##### Dataset

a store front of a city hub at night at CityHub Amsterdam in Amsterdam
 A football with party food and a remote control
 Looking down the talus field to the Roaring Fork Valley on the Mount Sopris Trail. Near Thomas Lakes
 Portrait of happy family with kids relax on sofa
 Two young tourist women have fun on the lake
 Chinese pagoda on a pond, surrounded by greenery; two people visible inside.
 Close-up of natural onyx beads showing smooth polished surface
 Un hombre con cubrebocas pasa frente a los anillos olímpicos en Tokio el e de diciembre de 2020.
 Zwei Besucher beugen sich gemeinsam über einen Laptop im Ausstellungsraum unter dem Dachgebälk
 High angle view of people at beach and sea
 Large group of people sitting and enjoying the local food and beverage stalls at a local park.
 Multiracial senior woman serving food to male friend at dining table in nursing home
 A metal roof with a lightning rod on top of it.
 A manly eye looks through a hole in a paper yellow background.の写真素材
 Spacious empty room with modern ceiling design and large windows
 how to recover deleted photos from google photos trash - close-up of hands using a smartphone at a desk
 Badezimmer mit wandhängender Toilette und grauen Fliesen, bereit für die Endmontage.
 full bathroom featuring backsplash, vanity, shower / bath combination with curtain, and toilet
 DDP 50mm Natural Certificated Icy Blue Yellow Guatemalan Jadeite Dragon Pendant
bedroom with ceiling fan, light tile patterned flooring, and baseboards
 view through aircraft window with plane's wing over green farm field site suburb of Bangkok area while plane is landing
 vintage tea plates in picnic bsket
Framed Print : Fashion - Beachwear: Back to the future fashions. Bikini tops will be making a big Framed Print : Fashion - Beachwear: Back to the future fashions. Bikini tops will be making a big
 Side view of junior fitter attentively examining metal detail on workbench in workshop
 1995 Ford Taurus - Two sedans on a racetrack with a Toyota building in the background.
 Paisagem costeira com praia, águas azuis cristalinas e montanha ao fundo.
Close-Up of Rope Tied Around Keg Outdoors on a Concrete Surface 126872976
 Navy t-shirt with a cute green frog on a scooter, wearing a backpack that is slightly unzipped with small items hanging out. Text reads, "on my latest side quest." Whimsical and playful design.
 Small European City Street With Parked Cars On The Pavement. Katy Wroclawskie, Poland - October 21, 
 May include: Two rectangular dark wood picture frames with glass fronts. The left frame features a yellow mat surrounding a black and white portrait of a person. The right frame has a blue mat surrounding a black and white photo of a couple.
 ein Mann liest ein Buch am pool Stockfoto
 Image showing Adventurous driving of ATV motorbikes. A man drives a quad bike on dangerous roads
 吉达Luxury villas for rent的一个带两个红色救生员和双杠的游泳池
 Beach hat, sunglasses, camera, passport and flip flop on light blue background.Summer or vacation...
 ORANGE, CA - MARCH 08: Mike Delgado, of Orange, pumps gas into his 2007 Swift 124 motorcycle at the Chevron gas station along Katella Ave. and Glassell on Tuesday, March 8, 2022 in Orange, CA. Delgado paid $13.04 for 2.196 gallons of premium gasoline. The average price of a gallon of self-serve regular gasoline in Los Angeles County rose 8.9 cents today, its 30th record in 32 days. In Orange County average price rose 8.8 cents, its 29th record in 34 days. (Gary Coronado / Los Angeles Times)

##########

▶ How to complete this task: Go through the material above and output exactly the lines from the one containing "Chinese pagoda on" through the one containing "Un hombre con".

▶ Answer box:
 Chinese pagoda on a pond, surrounded by greenery; two people visible inside.
 Close-up of natural onyx beads showing smooth polished surface
 Un hombre con cubrebocas pasa frente a los anillos olímpicos en Tokio el e de diciembre de 2020.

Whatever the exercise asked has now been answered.